** Required work **
If a line below contains the string "bedroom", return that line.

Excerpts from a dataset:
=== Section Start ===

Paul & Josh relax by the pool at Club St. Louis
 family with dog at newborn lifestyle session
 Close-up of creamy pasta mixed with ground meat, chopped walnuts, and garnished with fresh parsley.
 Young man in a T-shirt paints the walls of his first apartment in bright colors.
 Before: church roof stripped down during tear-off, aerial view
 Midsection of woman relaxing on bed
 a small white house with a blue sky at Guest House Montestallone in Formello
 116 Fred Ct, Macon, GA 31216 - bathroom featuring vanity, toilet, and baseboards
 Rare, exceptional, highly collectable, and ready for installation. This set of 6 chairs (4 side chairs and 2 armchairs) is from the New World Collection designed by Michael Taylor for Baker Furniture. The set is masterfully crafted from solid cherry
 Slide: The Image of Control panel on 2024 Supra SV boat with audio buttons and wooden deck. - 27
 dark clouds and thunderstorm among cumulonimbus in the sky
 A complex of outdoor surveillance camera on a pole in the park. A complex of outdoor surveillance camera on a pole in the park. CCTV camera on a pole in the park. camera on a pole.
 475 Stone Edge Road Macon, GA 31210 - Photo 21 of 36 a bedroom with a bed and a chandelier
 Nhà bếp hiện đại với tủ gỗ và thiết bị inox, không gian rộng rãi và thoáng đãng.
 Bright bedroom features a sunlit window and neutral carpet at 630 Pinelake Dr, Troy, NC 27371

=== Section End ===

** Task response **
 475 Stone Edge Road Macon, GA 31210 - Photo 21 of 36 a bedroom with a bed and a chandelier
 Bright bedroom features a sunlit window and neutral carpet at 630 Pinelake Dr, Troy, NC 27371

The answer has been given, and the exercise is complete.